Os ministros na época: Kandir, Paulo Renato, Lampreia e Clóvis Carvalho e o ENGAVETADOR-geral da República, Geraldo Brindeiro: ninguém contou que tomou avião oficial para descansar na ilha de Fernando de Noronha, mas, à medida que as viagens vieram a público, alguns já puseram a mão no bolso para ressarcir o Erário. Brindeiro pagou 18 000 reais e Clóvis Carvalho desembolsou 25.000.

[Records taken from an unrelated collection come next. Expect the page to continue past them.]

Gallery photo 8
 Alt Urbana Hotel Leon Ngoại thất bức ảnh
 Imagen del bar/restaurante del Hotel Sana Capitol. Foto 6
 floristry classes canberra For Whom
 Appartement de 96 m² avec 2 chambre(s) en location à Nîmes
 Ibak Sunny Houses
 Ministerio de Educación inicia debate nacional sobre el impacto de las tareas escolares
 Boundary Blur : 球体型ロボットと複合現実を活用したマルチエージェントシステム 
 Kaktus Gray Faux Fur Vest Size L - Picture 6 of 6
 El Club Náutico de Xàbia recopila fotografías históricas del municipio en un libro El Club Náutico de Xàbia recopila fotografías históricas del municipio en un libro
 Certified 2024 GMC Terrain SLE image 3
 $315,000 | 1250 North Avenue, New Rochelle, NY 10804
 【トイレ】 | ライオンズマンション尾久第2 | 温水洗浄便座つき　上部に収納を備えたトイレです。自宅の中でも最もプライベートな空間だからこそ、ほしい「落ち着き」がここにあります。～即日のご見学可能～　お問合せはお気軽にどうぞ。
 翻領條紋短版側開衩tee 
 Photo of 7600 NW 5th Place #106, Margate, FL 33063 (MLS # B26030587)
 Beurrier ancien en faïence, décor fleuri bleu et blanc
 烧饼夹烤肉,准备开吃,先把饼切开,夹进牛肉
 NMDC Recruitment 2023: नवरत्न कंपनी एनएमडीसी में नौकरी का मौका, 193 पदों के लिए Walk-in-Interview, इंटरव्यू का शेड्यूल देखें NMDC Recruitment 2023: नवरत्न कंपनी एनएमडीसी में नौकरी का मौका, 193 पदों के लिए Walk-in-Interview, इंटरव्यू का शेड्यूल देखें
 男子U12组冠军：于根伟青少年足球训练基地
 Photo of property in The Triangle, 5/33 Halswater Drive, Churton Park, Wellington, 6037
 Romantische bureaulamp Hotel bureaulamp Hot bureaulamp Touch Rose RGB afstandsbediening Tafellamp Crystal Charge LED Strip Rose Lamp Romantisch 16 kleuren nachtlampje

O ministro Padilha, o ex-ministro Gustavo Krause e os ministros Raul Jungmann e José Serra: todos estiveram em Fernando de Noronha, mas cada um deu uma desculpa. Padilha e Serra disseram que foram a trabalho. No fim de semana. Com a patroa. Krause adorou o passeio e recomendou aos colegas. Jungmann assumiu que foi, acha que fez certo e não quis pagar.
O ministro da Casa Civil, Clóvis Carvalho, já viajou a lazer para a ilha quatro vezes nos jatinhos oficiais da FAB. Uma das viagens, realizada no Carnaval , na qual levou a mulher, Gema, os cinco filhos, o namorado de uma filha e a namorada de um filho, ficando por lá uma semana, acabou sendo paga pelo próprio ministro. Ele não pagou pelo passeio. Mas a história acabou saindo na imprensa e o ministro mudou de opinião. Apanhado com a boca na botija, Clóvis Carvalho não teve outro jeito senão fazer um cheque pessoal de 25.000 reais, que foi depositado na conta do governo. Parecia que o problema estava contornado quando se descobriu que o circunspecto Clóvis Carvalho fizera outras três viagens de lazer ao paraíso de Fernando de Noronha – entre janeiro e fevereiro de 1996, 1997 e 1998 –, sobre as quais não deu um pio, mesmo sendo tucano de bico comprido. Para não ter de pagar a conta inteira, que poderia chegar perto dos 100.000 reais, Clóvis Carvalho preferiu silenciar para ver se colava. Não colou. Na semana passada, as três viagens secretas vieram a público.
O ENGAVETADOR-geral da República, Geraldo Brindeiro, cuja função, entre outras coisas, além de engavetar denúncias, era ficar de olho em quem abusava do patrimônio público, também foi à ilha com a mulher e os filhos. Sua visita durou dez dias, e ele pagou por ela quatro meses depois, ocasião em que foi divulgada a história da viagem gratuita de Clóvis Carvalho. Brindeiro desembolsou 18.000 reais, antes que alguém fizesse alguma cobrança. Não satisfeito com o ressarcimento, tornou seu gesto público. Exibiu o recibo de pagamento, fez uma nota à imprensa reconhecendo o erro e, na terça-feira, ainda reuniu um grupo de procuradores para pedir desculpas. Depois descobriu-se que, a exemplo do ministro Clóvis Carvalho, Brindeiro também silenciara sobre duas outras viagens à ilha a bordo de avião da FAB. Aparentemente, o procurador esqueceu essas outras excursões.